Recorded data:
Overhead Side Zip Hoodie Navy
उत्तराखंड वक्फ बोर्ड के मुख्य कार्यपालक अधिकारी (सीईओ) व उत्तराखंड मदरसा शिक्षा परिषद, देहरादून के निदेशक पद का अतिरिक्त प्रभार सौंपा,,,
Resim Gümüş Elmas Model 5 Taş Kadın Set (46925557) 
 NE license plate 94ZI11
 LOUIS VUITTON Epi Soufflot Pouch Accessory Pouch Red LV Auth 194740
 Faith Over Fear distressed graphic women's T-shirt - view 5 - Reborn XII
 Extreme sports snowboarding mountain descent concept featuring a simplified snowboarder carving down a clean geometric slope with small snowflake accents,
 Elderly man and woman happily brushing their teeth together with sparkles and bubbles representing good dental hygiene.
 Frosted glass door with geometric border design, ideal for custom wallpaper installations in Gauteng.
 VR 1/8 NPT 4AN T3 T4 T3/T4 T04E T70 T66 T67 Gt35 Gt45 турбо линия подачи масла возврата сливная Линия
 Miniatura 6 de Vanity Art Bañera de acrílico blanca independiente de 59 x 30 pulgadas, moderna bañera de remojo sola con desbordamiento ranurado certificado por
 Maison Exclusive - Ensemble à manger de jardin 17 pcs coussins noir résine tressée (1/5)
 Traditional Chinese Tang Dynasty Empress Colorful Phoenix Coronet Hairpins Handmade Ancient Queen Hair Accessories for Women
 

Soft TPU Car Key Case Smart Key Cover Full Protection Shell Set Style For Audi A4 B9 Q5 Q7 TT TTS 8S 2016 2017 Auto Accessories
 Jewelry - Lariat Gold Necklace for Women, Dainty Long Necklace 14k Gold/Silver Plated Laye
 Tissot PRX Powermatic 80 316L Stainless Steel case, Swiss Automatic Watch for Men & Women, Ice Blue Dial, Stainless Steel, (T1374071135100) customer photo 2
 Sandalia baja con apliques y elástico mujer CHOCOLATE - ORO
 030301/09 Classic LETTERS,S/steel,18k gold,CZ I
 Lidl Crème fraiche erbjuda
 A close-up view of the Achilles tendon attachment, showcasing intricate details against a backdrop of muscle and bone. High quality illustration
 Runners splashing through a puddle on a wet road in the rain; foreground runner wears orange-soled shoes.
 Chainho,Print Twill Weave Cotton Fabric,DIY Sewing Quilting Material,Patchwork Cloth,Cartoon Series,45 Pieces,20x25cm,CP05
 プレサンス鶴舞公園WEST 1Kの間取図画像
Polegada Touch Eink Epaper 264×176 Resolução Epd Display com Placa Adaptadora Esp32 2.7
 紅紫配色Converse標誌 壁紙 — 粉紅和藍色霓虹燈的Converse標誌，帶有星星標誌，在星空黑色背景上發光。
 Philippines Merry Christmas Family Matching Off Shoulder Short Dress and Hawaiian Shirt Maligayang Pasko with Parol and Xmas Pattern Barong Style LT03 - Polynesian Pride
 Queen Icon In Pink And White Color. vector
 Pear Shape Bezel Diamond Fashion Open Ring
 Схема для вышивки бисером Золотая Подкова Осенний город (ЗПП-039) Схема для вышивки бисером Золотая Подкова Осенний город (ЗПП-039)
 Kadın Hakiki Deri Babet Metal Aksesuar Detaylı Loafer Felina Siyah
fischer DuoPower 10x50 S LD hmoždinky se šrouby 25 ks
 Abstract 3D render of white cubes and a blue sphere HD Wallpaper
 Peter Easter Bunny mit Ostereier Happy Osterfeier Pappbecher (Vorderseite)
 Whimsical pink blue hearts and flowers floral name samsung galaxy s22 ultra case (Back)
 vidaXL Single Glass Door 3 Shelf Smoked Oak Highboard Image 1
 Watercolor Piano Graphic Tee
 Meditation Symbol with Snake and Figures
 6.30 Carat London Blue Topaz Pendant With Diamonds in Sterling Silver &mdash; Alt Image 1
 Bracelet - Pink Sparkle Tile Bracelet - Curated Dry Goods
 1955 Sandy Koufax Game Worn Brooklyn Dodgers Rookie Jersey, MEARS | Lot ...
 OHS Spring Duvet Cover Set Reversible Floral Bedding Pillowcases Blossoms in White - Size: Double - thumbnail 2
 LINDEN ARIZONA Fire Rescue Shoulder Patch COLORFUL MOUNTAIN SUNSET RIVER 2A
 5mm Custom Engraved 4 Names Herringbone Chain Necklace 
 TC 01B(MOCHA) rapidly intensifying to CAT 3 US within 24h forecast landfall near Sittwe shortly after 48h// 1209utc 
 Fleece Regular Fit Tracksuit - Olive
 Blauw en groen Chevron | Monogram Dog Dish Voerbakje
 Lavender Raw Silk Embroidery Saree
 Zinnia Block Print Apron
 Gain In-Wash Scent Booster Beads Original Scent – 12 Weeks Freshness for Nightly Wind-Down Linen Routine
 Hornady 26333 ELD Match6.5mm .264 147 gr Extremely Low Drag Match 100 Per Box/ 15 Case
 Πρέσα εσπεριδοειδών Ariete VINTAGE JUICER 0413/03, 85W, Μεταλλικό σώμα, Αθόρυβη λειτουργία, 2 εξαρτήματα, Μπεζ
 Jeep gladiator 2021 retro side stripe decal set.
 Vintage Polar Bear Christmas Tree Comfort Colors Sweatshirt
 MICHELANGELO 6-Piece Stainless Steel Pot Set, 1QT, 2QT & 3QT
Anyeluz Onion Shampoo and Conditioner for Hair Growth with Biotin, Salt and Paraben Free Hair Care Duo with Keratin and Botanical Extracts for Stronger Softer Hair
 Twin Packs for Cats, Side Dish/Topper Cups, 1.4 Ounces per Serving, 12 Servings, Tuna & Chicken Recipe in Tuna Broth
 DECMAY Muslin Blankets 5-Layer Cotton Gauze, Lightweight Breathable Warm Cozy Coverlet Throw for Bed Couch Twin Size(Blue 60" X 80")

#### Task requirements:
Among the lines above, which ones include the word "view"? Copy them.

#### Task result:
 Faith Over Fear distressed graphic women's T-shirt - view 5 - Reborn XII
 A close-up view of the Achilles tendon attachment, showcasing intricate details against a backdrop of muscle and bone. High quality illustration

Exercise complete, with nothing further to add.